I guess assert with return 0 is enough for this case.
>
> > +}
> > +
> > /**
> > * Utility function for fiber.create and fiber.new
> > */
> > @@ -467,10 +487,18 @@ fiber_create(struct lua_State *L)
> >
> > struct fiber *f = fiber_new("lua", lua_fiber_run_f);
> > if (f == NULL) {
> > - luaL_unref(L, LUA_REGISTRYINDEX, coro_ref);
> > - luaT_error(L);
> > + /* diagnostics is set in fiber_new. */
> > + goto error;
> > }
> >
> > + struct trigger *t = malloc(sizeof(*t));
> > + if (t == NULL) {
> > + diag_set(OutOfMemory, sizeof(*t), "malloc", "t");
> > + goto error;
> > + }
> > + trigger_create(t, fiber_on_yield, NULL, (trigger_f0) free);
> > + trigger_add(&f->on_yield, t);
>
> 4. Yeah, now I understand why did you ask about when triggers are
> deleted. In this particular case there is a better option. You can
> allocate the trigger right on the stack, in lua_fiber_run_f(). This
> is the trampoline for all Lua fibers, regardless how they are
> created: via fiber.new(), or fiber.create(). You can add the trigger
> before
>
> result = luaT_call(L, lua_gettop(L) - 1, LUA_MULTRET);
>
> And remove afterwards. No need to use the heap then, nor move some
> error handling code.
Nice, thanks! I adjusted the patch, considering this point:
================================================================================
diff --git a/src/lua/fiber.c b/src/lua/fiber.c
index c79aa7c2b..f0bcc1ab7 100644
--- a/src/lua/fiber.c
+++ b/src/lua/fiber.c
@@ -437,11 +437,15 @@ static int
lua_fiber_run_f(MAYBE_UNUSED va_list ap)
{
int result;
+ struct trigger t;
struct fiber *f = fiber();
struct lua_State *L = f->storage.lua.stack;
int coro_ref = lua_tointeger(L, -1);
lua_pop(L, 1);
+ trigger_create(&t, fiber_on_yield, NULL, NULL);
+ trigger_add(&f->on_yield, &t);
result = luaT_call(L, lua_gettop(L) - 1, LUA_MULTRET);
+ trigger_clear(&t);
/*
* If fiber is not joinable
* We can unref child stack here,
@@ -487,17 +491,9 @@ fiber_create(struct lua_State *L)

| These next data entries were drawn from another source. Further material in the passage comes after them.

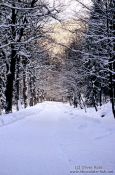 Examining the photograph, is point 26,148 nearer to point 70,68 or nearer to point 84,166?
point 84,166

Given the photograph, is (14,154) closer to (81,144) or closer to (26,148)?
(26,148)

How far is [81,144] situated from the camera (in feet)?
37.0

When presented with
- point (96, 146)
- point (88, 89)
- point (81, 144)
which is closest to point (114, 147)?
point (96, 146)

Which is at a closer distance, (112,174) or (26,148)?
(112,174)

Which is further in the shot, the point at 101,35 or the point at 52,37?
the point at 52,37

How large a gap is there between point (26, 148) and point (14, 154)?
1.17 metres

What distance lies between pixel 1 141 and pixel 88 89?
37933mm

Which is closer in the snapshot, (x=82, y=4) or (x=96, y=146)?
(x=96, y=146)

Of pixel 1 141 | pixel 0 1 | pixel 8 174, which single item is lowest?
pixel 1 141

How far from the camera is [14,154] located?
9.22 m

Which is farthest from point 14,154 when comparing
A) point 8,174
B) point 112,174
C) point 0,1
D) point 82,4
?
point 82,4

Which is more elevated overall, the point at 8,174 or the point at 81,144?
the point at 8,174

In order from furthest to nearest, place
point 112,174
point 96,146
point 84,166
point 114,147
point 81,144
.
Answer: point 81,144 → point 96,146 → point 114,147 → point 84,166 → point 112,174

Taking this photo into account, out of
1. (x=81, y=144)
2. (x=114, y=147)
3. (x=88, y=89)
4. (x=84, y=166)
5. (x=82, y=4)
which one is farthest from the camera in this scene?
(x=88, y=89) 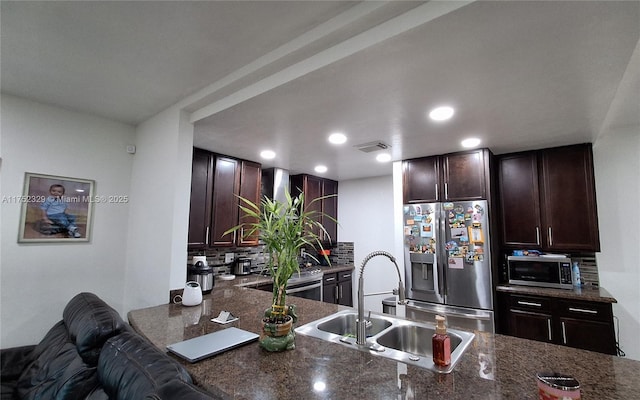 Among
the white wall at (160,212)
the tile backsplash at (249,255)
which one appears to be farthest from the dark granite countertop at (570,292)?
the white wall at (160,212)

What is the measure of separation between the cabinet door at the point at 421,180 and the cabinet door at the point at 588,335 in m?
1.60

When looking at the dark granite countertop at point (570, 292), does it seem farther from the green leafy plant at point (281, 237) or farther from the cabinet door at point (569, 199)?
the green leafy plant at point (281, 237)

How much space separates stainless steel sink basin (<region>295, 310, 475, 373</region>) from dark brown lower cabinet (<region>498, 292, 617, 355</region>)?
67.1 inches

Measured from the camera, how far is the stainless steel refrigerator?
291cm

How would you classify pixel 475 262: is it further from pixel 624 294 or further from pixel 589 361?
pixel 589 361

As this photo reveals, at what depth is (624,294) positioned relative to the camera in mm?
2709

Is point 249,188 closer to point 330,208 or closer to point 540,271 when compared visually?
point 330,208

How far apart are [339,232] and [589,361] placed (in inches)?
153

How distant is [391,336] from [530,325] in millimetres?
1917

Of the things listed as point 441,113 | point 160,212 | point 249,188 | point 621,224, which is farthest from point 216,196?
point 621,224

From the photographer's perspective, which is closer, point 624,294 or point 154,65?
point 154,65

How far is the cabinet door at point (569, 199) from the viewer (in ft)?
9.25

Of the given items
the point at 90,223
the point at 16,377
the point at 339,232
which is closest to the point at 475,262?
the point at 339,232

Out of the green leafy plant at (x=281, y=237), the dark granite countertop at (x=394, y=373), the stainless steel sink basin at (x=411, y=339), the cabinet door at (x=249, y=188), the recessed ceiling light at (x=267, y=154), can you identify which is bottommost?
the stainless steel sink basin at (x=411, y=339) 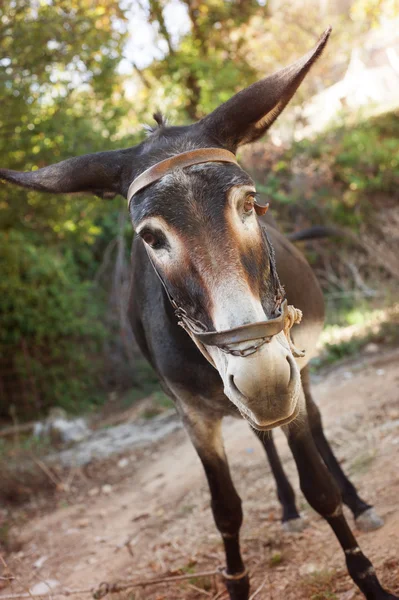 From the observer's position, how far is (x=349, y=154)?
12844 mm

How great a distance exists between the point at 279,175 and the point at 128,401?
20.9 ft

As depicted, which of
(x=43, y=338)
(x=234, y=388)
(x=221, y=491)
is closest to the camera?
(x=234, y=388)

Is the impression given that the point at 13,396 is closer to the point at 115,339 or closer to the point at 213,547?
the point at 115,339

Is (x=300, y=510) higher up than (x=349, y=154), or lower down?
lower down

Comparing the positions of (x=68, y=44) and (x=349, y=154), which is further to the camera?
(x=349, y=154)

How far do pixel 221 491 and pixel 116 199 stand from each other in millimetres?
6108

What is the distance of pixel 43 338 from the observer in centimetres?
1118

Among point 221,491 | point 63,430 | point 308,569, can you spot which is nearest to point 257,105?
point 221,491

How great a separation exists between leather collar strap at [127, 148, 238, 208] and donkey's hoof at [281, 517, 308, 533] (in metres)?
2.77

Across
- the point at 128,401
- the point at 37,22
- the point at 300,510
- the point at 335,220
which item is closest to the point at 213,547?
the point at 300,510

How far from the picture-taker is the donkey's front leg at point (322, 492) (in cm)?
280

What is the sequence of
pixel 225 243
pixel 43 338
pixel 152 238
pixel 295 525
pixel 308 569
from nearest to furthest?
pixel 225 243 → pixel 152 238 → pixel 308 569 → pixel 295 525 → pixel 43 338

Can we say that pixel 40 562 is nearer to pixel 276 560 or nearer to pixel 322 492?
pixel 276 560

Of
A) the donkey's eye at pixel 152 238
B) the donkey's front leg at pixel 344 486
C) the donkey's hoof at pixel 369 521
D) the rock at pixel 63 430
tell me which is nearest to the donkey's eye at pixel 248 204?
the donkey's eye at pixel 152 238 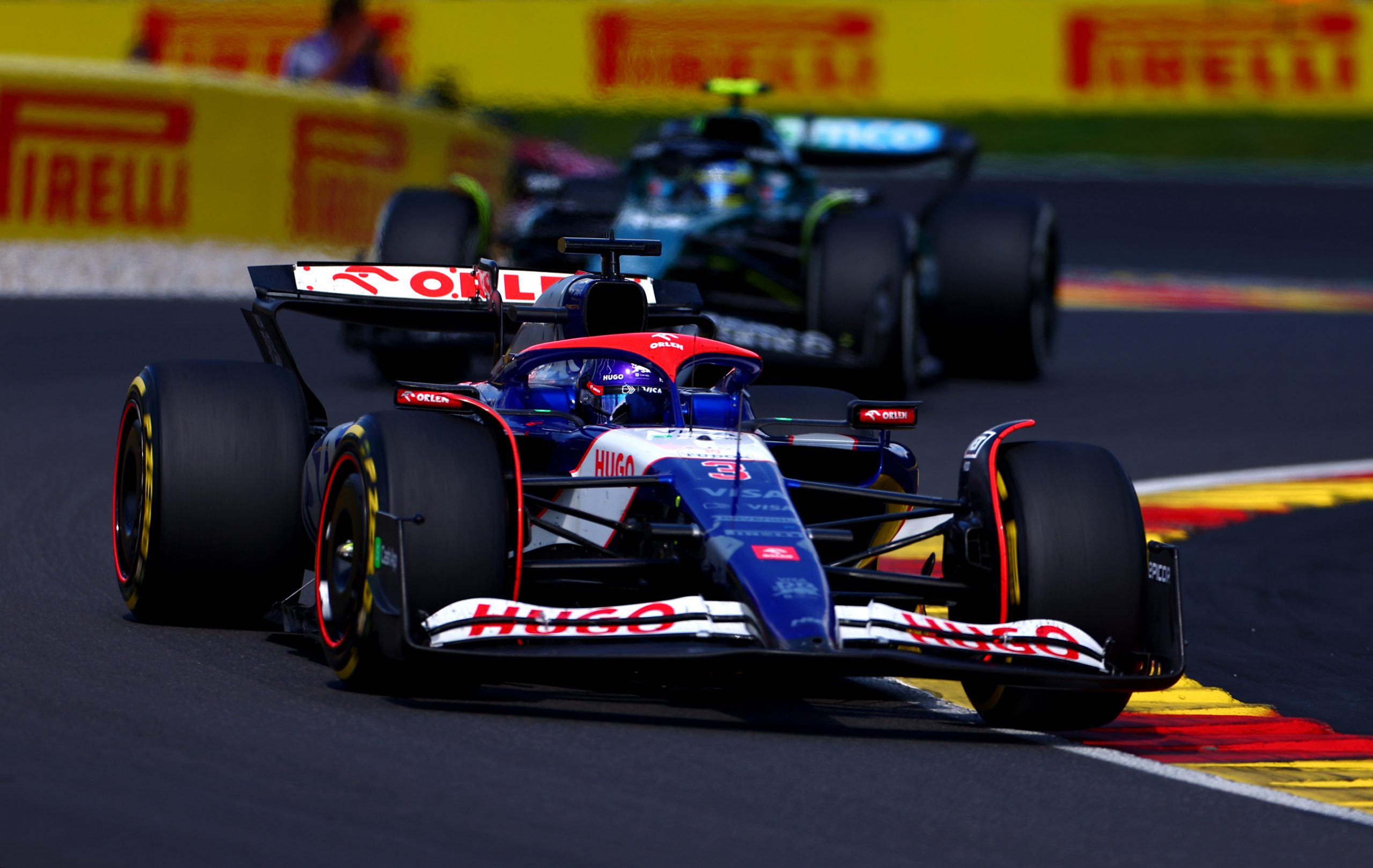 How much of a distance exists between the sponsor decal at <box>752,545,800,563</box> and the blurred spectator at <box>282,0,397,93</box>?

struct fiber *f = fiber_new("lua", lua_fiber_run_f);
if (f == NULL) {
- /* diagnostics is set in fiber_new. */
- goto error;
- }
-
- struct trigger *t = malloc(sizeof(*t));
- if (t == NULL) {
- diag_set(OutOfMemory, sizeof(*t), "malloc", "t");
- goto error;
+ luaL_unref(L, LUA_REGISTRYINDEX, coro_ref);
+ luaT_error(L);
}
- trigger_create(t, fiber_on_yield, NULL, (trigger_f0) free);
- trigger_add(&f->on_yield, t);
/* Move the arguments to the new coro */
lua_xmove(L, child_L, lua_gettop(L));
@@ -511,13 +507,6 @@ fiber_create(struct lua_State *L)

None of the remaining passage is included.